Reports and analyses on the President’s Latin America tour are pouring in – keep checking our blog for ours – and we wanted to present a couple of them:

The National Alliance of Latin American and Caribbean Communities, the William Velazquez Institute and the Mexican American Political Association sent the President a letter regarding his trip to the region and offering some concrete policy proposals. Here are some points that most resonated with us:

  • “Your [President Obama] victory in 2008 stimulated hope among Latin American societies that long for normalization of U.S.-Cuba relations; and end to the so called ‘war on drugs’; a recalibration of U.S. trade and investment policies; and a firm commitment to nonintervention and respect for sovereignty in the region.”
  • “The U.S. has a large moral debt to these countries [Brazil, Chile and El Salvador]: In each case past Administrations (early 1960’s through early 1990’s) supported directly or indirectly the ascent and continuation in power of brutal dictatorships.”

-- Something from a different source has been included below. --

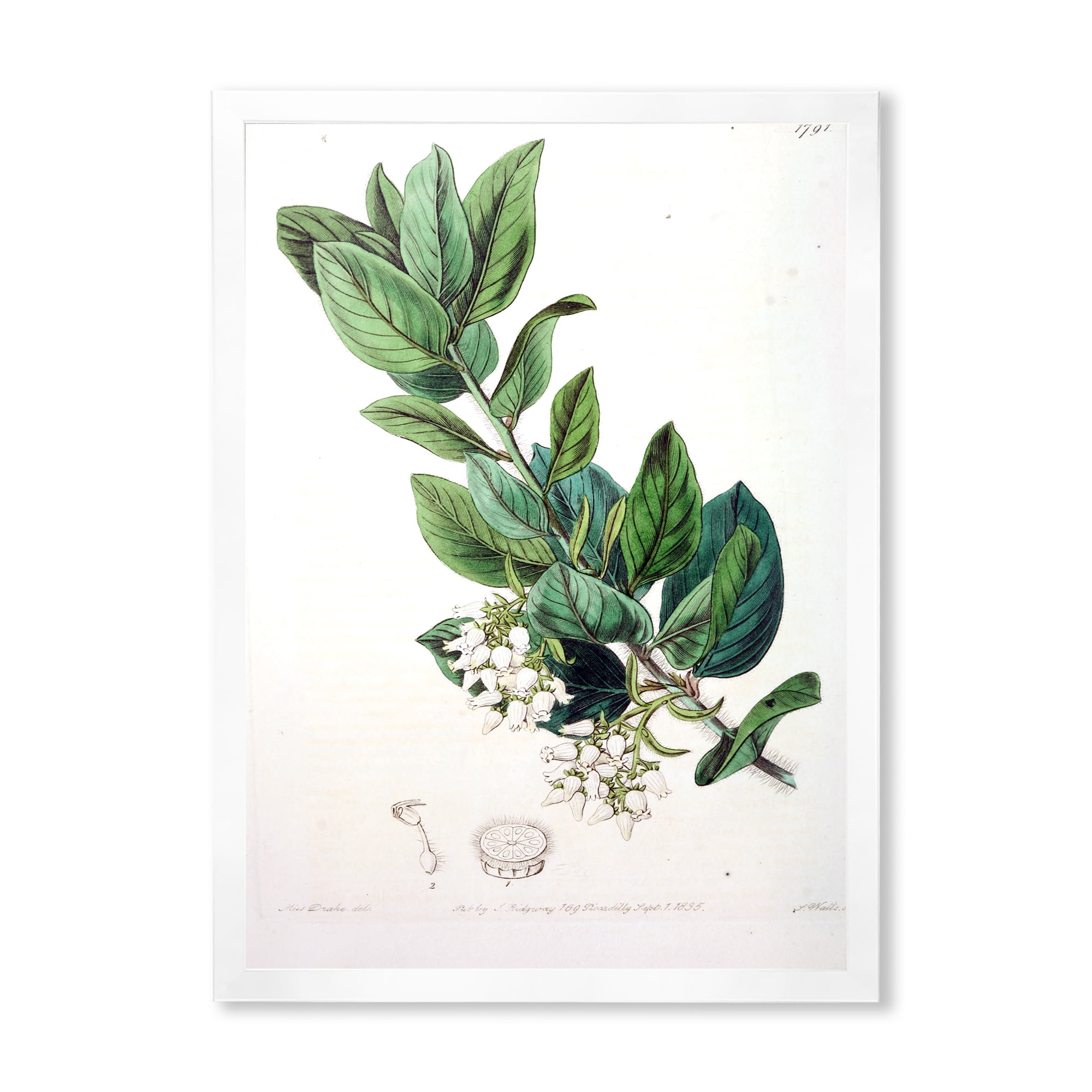 Designart 'Ancient Botanicals XX' Traditional Framed Art Print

The letter offers the President a concrete set of proposals that “might contribute to a mutually beneficial shared future”:

  1. Organize a U.S.-Latin America and Caribbean Partnership, inclusive of civil society organizations (particularly those representing organized Latin American and Caribbean migrant communities) intended to educate the general public in the U.S. and Latin America and the Caribbean, about the multiple benefits rendered by migration and to promote the respect of the rights of migrant persons, irrespective to where they are and their migratory status. Regrettably, the predominant view about migrants that has come to dominate public discourse paints migrant persons as threats, or, in the best of cases, renders them invisible. Without a corrective intervention, it will be difficult to reach well informed and lasting policy changes.
  2. Conduct a thorough and public review of existing U.S. policies towards Latin America and the Caribbean, and to come up with a new generation of policy goals and practices intended to support the social, economic and political reforms carried out by different countries in this region in recent years, that have resulted in more equitable and sustainable societies. This includes the cases of nations often considered as adversaries to the U.S., such as Cuba, Venezuela and Bolivia. The goal of shared and sustainable prosperity throughout the Americas, that truly betters the life of the vast majority of people, is the best guarantee to ensure stable, mutually beneficial and ever more democratic societies in Latin America, the Caribbean and here in the U.S..
  3. Recent events in the Middle East have taught us all how important it is to balance the relationship with government on one hand, and with key civil society actors on the other. In the case of U.S. policy towards Latin America and the Caribbean, we recommend a new emphasis on building relationships with key civil society actors. The case of Honduras is worthy of special mention…., we respectfully urge you to take a leading role in holding the current Honduran government committed to unconditional respect for human rights and accountable for human rights violations committed under their watch.

Our great friend Adam Isacson reviews the President’s trip in a 20 minute podcast, here.

The LA Times (“Latin America increasingly important to the U.S., Obama says”), the Miami Herald (“Obama wins high marks on Latin America tour”), and the Financial Times, (“Obama hits positive notes in Latin America”) all posted interesting analysis of the President’s tour, as well.